Statistics from the General Department of Vietnam Customs show that revenue from footwear exports hit US$1.73 billion by the end of March, up 16.1 percent over same period in 2012.
Footwear is now one of the country’s key 10 export items with total earnings in the first quarter of 2013 surpassing US$1 billion.
The increasing production of footwear businesses is mainly attributed to trade agreements that are currently in the final stages of negotiation.
The signing of the Vietnam-EU Free Trade Agreement (FTA) and the Trans-Pacific Partnership (TPP) agreement expected in the coming months will bring more advantages to the sector.
The TPP alone will help Vietnam penetrate to a larger market of 2.7 billion consumers that makes up half the global GDP.
In addition, tariffs levied on imports to the US, one of Vietnam’s key markets, will be slashed to zero percent from the current 14.3 percent on average.
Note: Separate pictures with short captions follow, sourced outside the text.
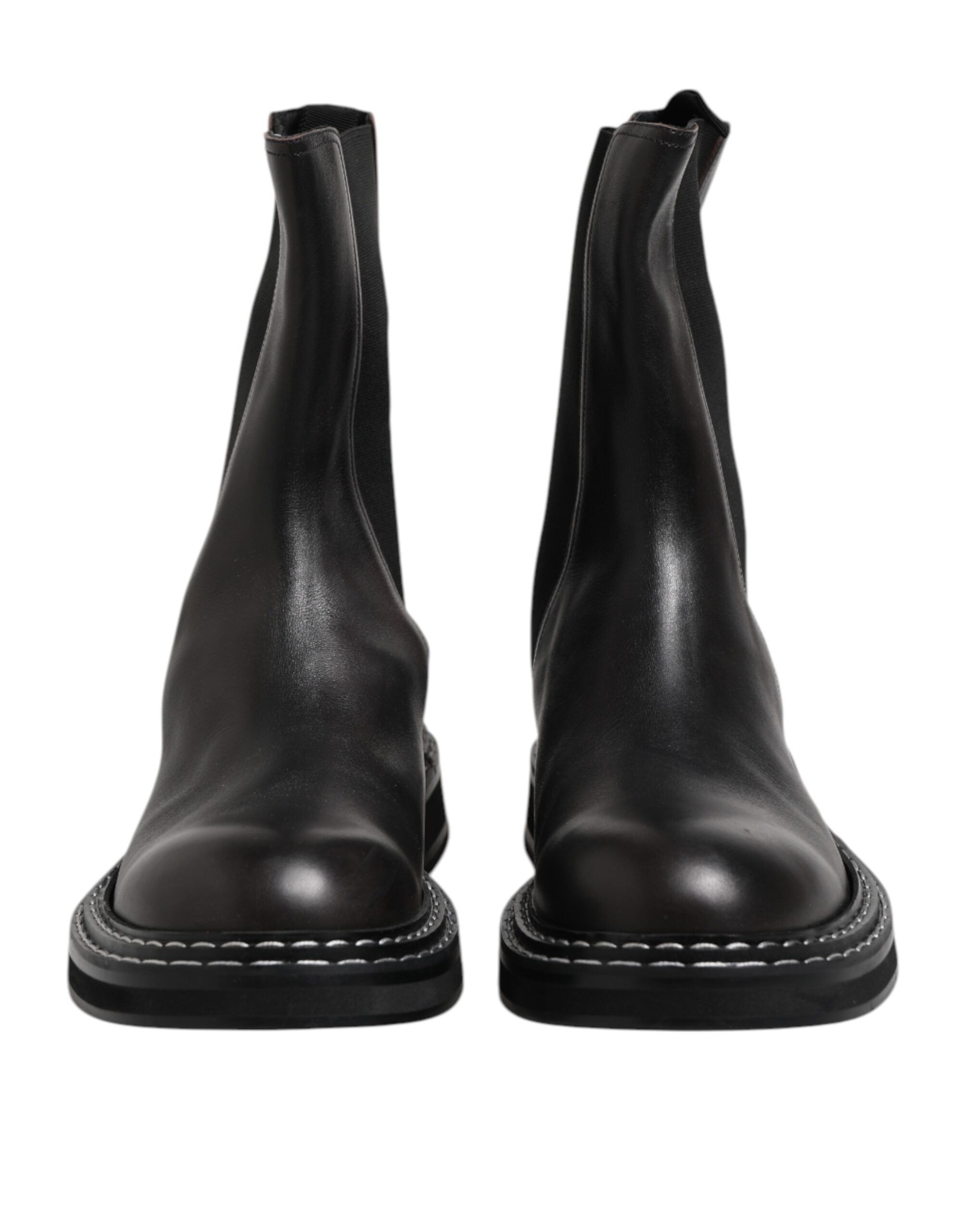 Dolce & Gabbana Schwarze kniehohe Stiefel aus Leder Flache Schuhe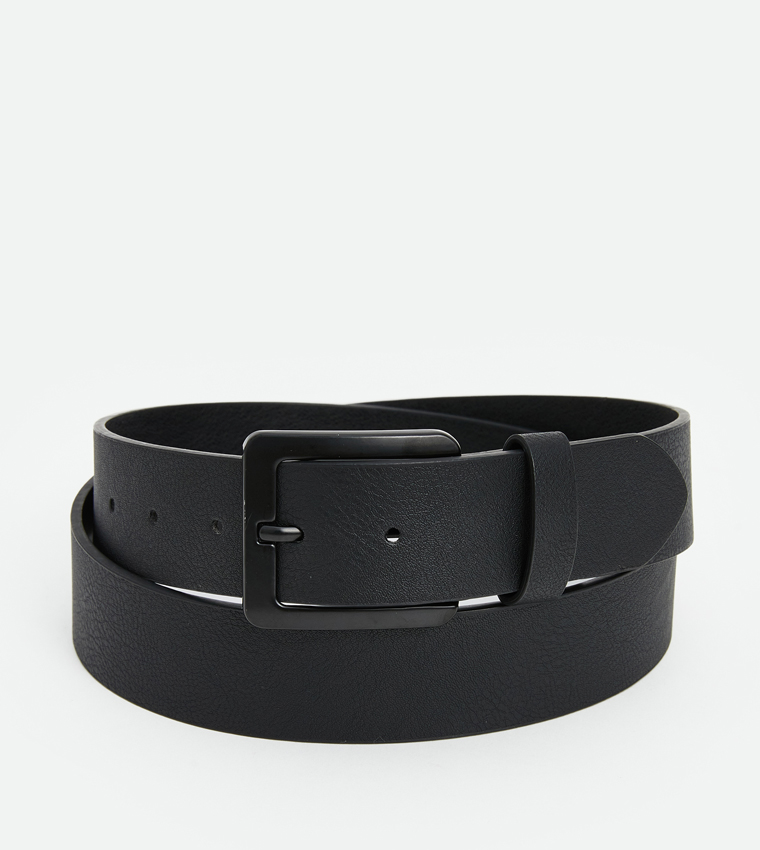 Pack of 2 Faux Leather Buckle Belts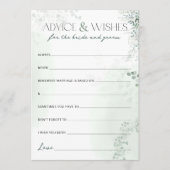 アドバイス&ウィッシュ新郎新婦ブライダルシャワー アドバイスカード (正面)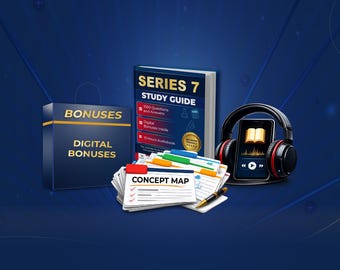 Pacchetto di studio Serie 7 / Corso e libro di preparazione FINRA / Audio e mappe concettuali / Esame sui titoli / 1000 domande di pratica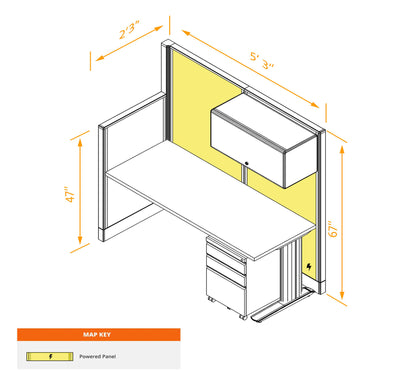 Cubicle Desks With Storage Straight Powered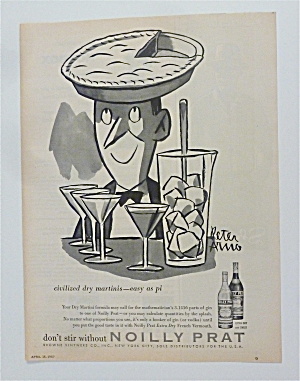 1957 Noilly Prat Extra Dry French Vermouth W/ Man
Footwear and leather exports to TPP member states are expected to account for more than 47 percent of the sector’s total value, with the US having the lion’s share of 31 percent.
The sector aims to reap US$9.7 billion in revenue this year, an increase of 10 percent over 2012.
The Japanese market is also forecast to contribute significantly to the sector’s 20 percent growth in orders this year, especially since the Tokyo Business Association sent 10 footwear businesses to Vietnam to conduct market research at the end of last year.
Over half of these businesses have subsequently decided to shift their orders from other markets to Vietnam.